14
October
2013
|
04:42 PM
America/Chicago

Professor's Art Acquired by Smithsonian Museum

Floyd Newsum's UHD's own Professor Floyd Newsum recently had a second painting acquired by the Smithsonian National Museum of African American History and Culture. According to Newsum, the first ("Sirigu, Janie's Apron") was acquired in 2012, and the second ("After the Storm") was gifted to the institute by a collector this year.

Born in Memphis, Newsum attained his B.F.A. from Memphis College of Art and finished with a Master of Fine Arts degree in painting from Temple University in Philadelphia before moving to Houston. Newsum has been a professor of painting and drawing for over 30 years. His works grace numerous public spaces such as the Main Street Square Station in Houston and the Hazel Harvey Peace Building in Fort Worth. Many public institutions including the Museum of Fine Arts Houston and the Philadelphia Museum of Art have acquired his work.

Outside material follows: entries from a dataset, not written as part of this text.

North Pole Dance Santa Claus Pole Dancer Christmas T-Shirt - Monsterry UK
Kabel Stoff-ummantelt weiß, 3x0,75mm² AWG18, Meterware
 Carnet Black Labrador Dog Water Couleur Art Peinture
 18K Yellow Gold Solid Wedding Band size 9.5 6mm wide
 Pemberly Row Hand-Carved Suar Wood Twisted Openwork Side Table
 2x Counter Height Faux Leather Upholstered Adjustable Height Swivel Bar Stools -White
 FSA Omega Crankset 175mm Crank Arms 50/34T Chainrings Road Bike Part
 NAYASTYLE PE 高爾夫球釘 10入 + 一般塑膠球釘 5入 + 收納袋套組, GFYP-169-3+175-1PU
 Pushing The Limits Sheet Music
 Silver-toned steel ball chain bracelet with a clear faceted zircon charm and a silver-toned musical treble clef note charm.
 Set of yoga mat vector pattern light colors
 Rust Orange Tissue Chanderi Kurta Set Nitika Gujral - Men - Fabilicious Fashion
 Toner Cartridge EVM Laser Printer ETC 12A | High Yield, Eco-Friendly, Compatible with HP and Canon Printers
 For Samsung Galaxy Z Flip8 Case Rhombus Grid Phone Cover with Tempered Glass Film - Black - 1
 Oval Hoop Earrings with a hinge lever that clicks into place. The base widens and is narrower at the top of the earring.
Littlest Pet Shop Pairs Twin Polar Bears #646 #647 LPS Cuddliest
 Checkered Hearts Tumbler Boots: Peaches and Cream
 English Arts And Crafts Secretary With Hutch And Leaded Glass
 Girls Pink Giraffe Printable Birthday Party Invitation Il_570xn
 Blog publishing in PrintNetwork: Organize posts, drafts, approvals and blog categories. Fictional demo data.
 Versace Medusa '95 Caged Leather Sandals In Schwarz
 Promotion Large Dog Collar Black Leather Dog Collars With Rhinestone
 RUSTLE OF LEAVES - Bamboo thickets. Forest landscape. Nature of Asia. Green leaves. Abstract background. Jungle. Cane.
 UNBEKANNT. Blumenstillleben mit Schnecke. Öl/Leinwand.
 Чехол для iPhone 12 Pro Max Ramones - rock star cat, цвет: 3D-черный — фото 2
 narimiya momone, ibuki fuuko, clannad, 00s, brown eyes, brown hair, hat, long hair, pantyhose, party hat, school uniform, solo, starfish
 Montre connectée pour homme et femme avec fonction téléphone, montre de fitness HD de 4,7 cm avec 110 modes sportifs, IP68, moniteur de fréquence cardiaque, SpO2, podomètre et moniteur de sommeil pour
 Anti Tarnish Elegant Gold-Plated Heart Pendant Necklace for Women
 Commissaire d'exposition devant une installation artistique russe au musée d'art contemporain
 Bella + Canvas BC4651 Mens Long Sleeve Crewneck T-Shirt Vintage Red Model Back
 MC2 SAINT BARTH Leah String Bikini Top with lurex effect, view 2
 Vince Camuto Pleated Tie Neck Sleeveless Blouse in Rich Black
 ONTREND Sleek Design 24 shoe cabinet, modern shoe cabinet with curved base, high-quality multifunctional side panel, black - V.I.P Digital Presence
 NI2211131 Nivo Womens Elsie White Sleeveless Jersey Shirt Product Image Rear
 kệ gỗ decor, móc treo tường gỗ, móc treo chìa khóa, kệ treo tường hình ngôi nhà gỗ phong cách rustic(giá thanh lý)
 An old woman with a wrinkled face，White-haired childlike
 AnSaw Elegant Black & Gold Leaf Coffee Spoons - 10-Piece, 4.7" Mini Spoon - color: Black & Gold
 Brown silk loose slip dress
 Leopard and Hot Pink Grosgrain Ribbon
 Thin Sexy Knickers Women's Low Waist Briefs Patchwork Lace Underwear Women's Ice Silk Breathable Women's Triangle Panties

Employing what at first glance appears to be a primitive and childlike style, Newsum invites us to consider a distinctly sophisticated idea: the difference between and relationship of the painted mark as its own agent and the painted mark as an element of a picture. Newsum's mark-making orchestrates a visual narrative of his own iconography, rhythmic movement, and impassioned colors to realize a personal account of humanity set in the universal language that is art. Inherently political, the work leads us from the multiple identities of a paint stroke to the multiple identities of the events and people in a political and cultural system. Each is its own agent and each is a part of the whole, with the roles ever alternating. Thus, he creates a synthesis of the consciously primitive and intellectually modern that speaks to who we are as a people.